In the output below you can see that the volume ID is aws://eu-central-1c/vol-a559b271b5fca7dfa:
$ kubectl get pv pvc-a0f6a3ea-ab5a-a1ea-a2ba-a2809894a24a -o yaml apiVersion: v1 kind: PersistentVolume metadata: annotations: kubernetes.io/createdby: aws-ebs-dynamic-provisioner pv.kubernetes.io/bound-by-controller: "yes" pv.kubernetes.io/provisioned-by: kubernetes.io/aws-ebs creationTimestamp: 2018-02-06T15:17:17Z labels: failure-domain.beta.kubernetes.io/region: eu-central-1 failure-domain.beta.kubernetes.io/zone: eu-central-1c name: pvc-a0f6a3ea-ab5a-a1ea-a2ba-a2809894a24a resourceVersion: "125511" selfLink: /api/v1/persistentvolumes/pvc-a0f6a3ea-ab5a-a1ea-a2ba-a2809894a24a uid: a0f6a3ea-ab5a-a1ea-a2ba-a2809894a24a spec: accessModes: - ReadWriteOnce awsElasticBlockStore: fsType: ext4 volumeID: aws://eu-central-1c/vol-a559b271b5fca7dfa capacity: storage: 20Gi claimRef: apiVersion: v1 kind: PersistentVolumeClaim name: mysql-pv-claim namespace: default resourceVersion: "22108" uid: a0f6a3ea-ab5a-a1ea-a2ba-a2809894a24a persistentVolumeReclaimPolicy: Delete storageClassName: gp2 status: phase: Bound
Once that volume has been created you loose the capability to control its encryption status or the ability to change its KMS key.

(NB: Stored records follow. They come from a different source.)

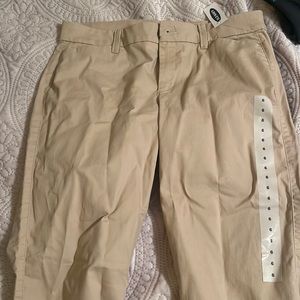 Old Navy khaki pants (skinny)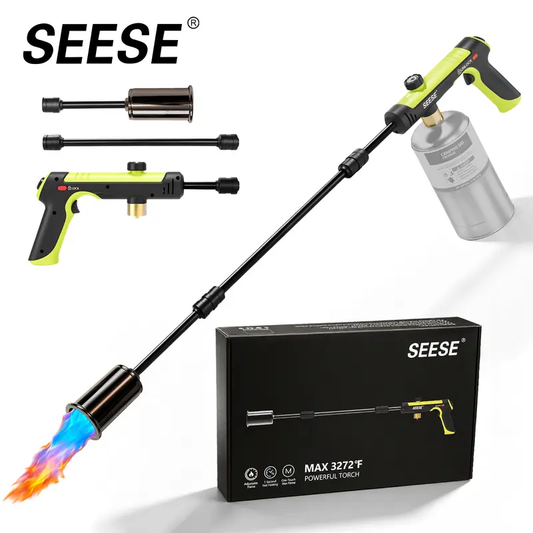 SEESE Extendable Propane Torch with Adjustable Flame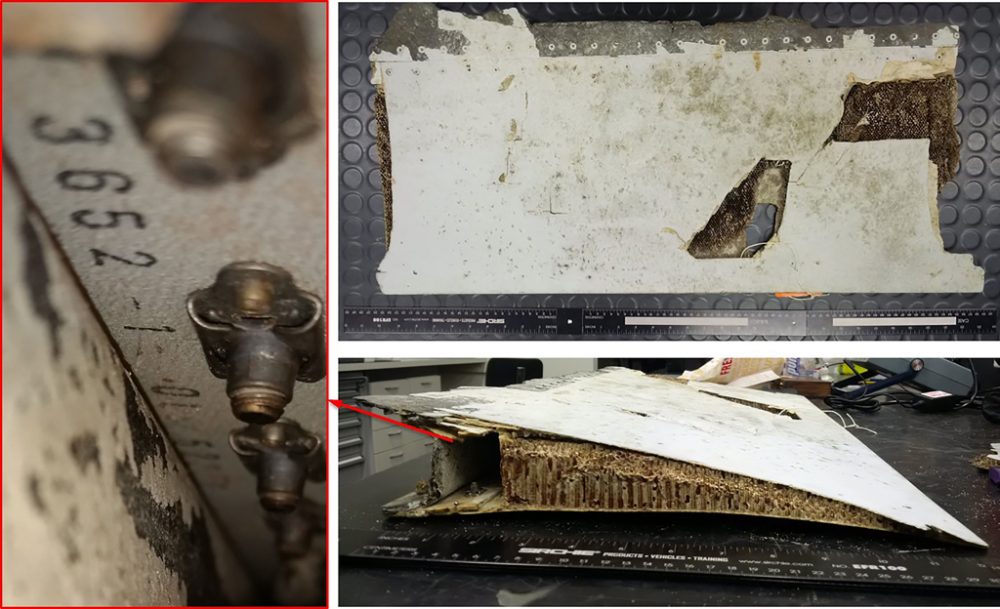 Eine Landeklappe der abgestürzten Maschine wurde in Tansania abgespült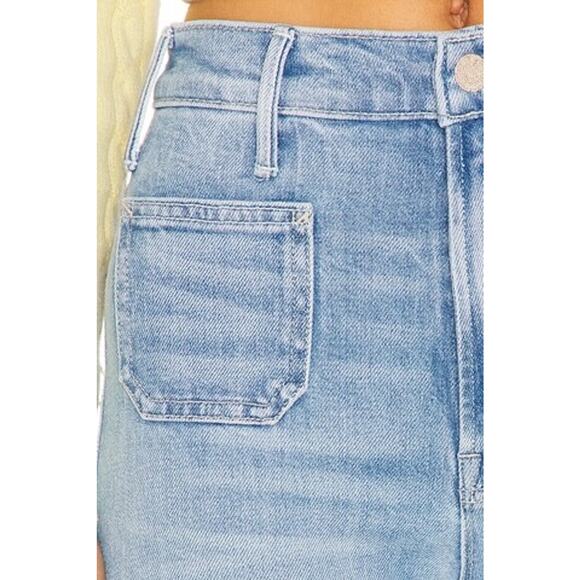 Brand New Mother The Hustler Patch Pocket Ankle Jeans in Tune In, Tune Out 27” - Picture 6 of 9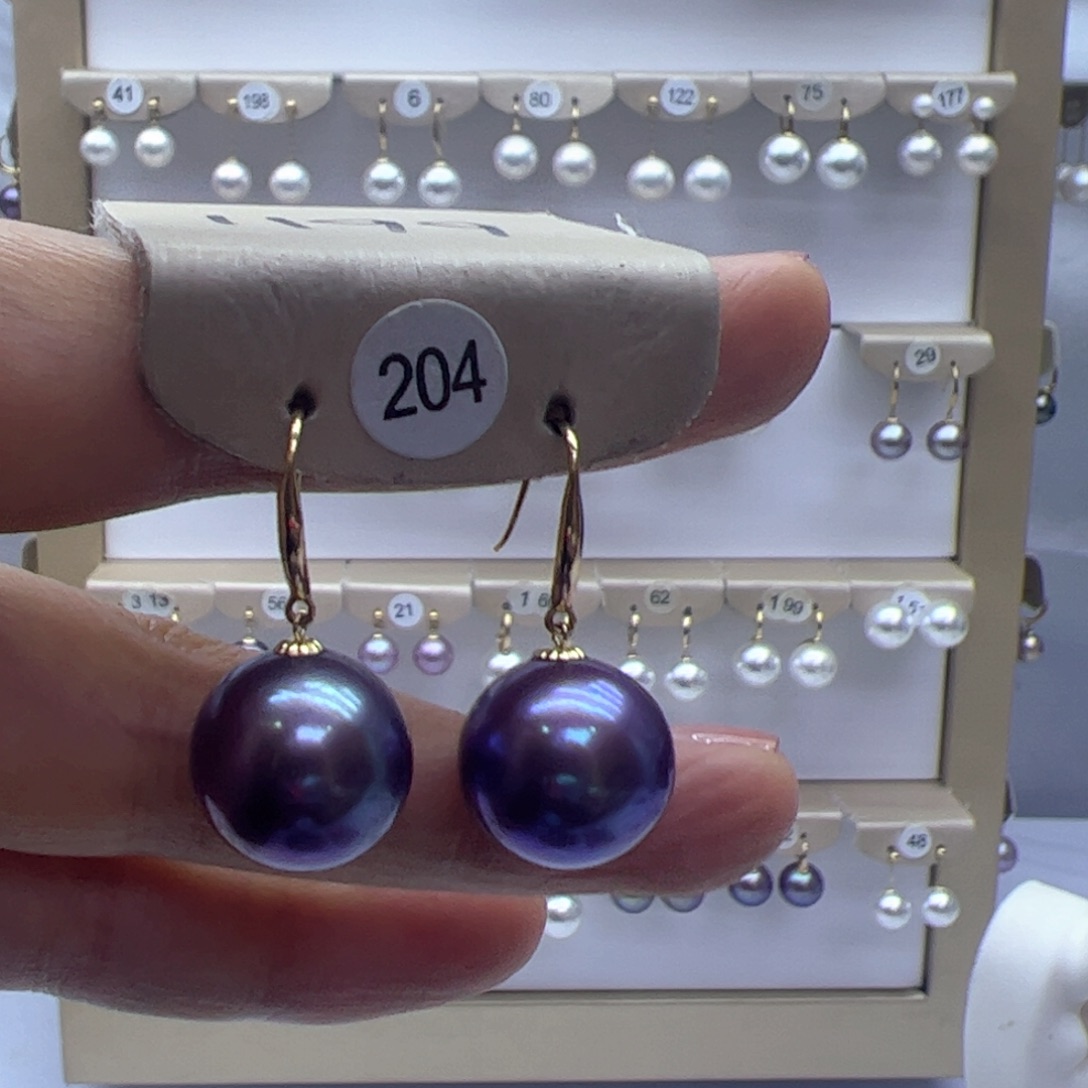 淡水珍珠耳饰18K金镶嵌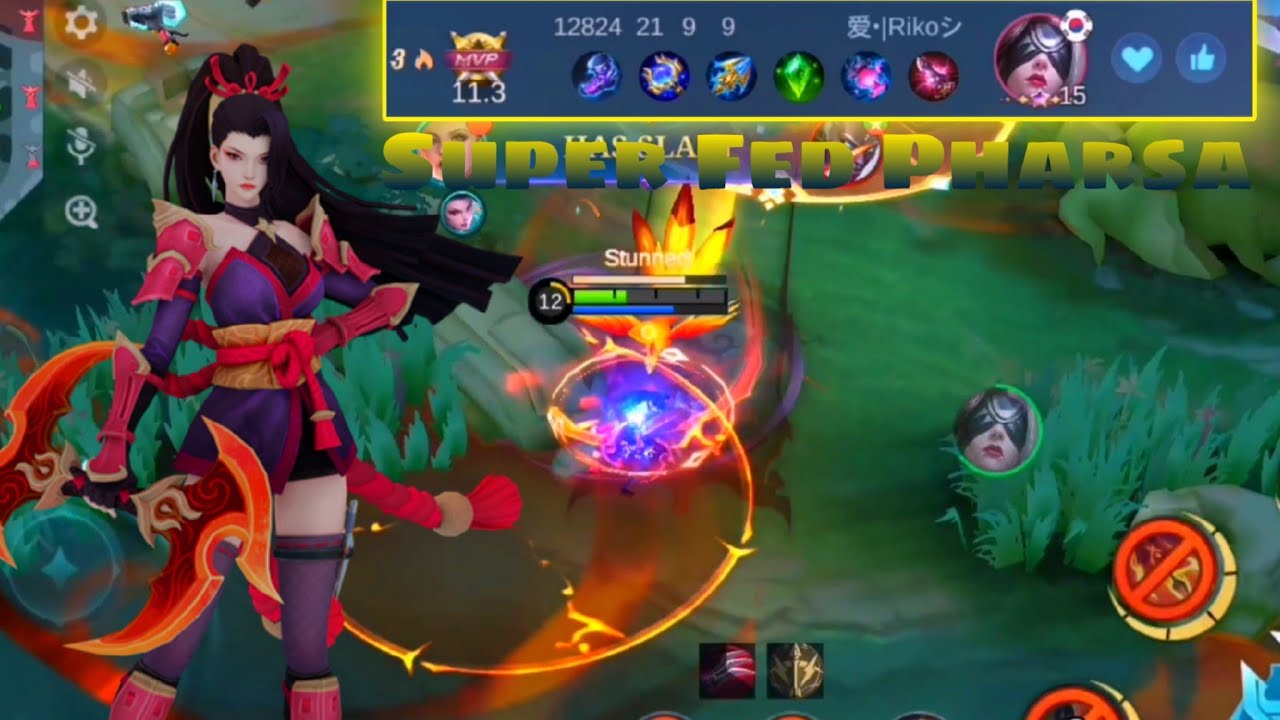 Геймплей за Ханаби в паре (ранг «Легенда», моя пара с Сильванной)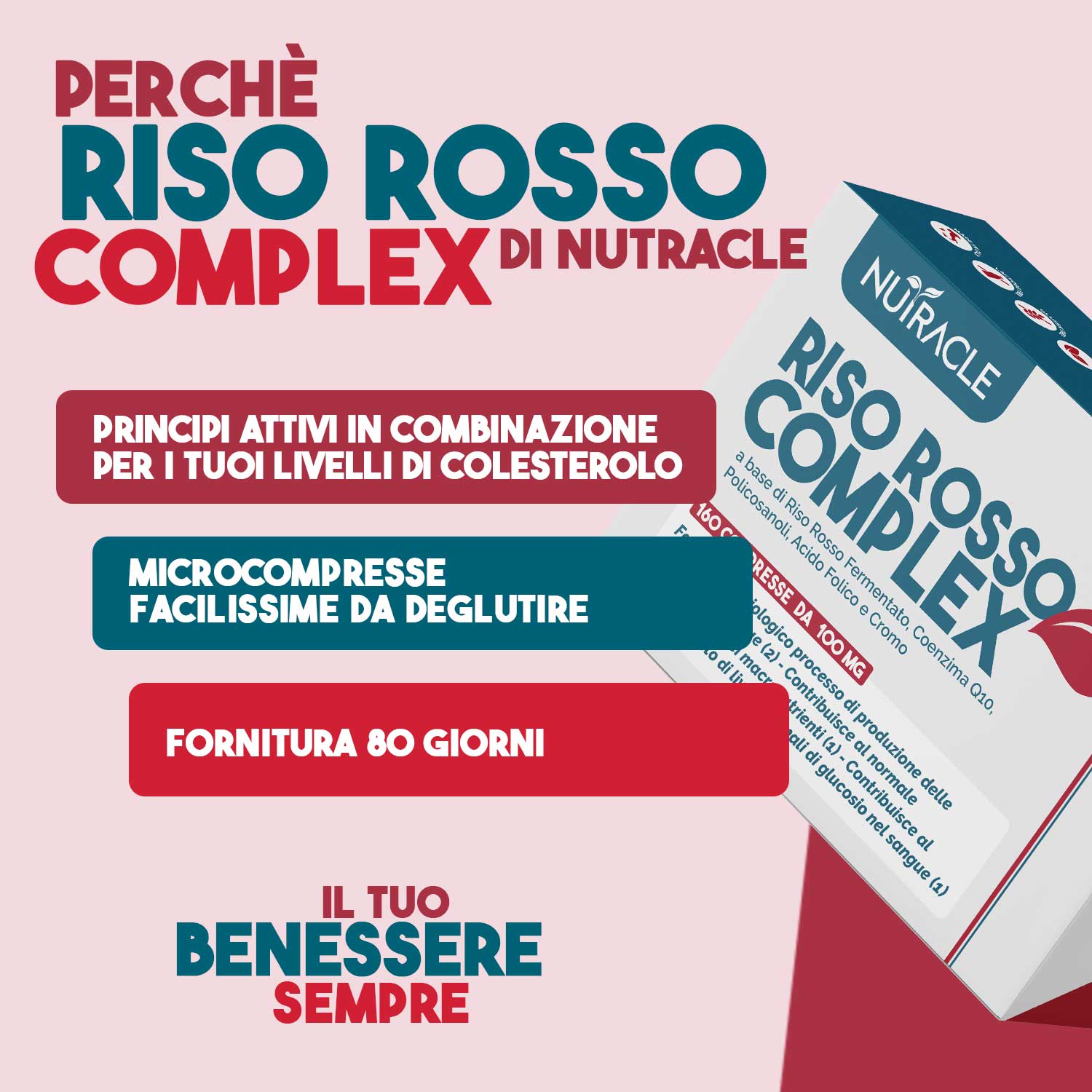 Nutracle Riso Rosso Complex 160 Compresse - Integratore Per Il Colesterolo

Why would you want to do such a thing in the first place? Say for example, you created a volume unencrypted, written a lot of application state and now want to encrypt the volume. Or you have encrypted the volumes but now decide to use KMS or CMK and therefore need to change the KMS key of that volume. An simple way would be to create a second volume in Kubernetes and then copy the files over. However, when you do not have access to the applications that are using these volumes, this might not be that easy, specifically if you have hundreds of volumes.
In a pure AWS world, a process exists for this:
- detach the volume (by stopping the instance),
- create a snapshot,
- copy snapshot using the correct encryption method,
- create a volume out of snapshot in the correct parameters (specifically AZ) and
- attach it to the instance.
For volumes that are attached to nodes (not masters), you can stop the instances. But before you do that, suspend the corresponding ASG (Auto Scaling Group) launch event. Otherwise the ASG will start a new instance and probably mount the EBS volume there.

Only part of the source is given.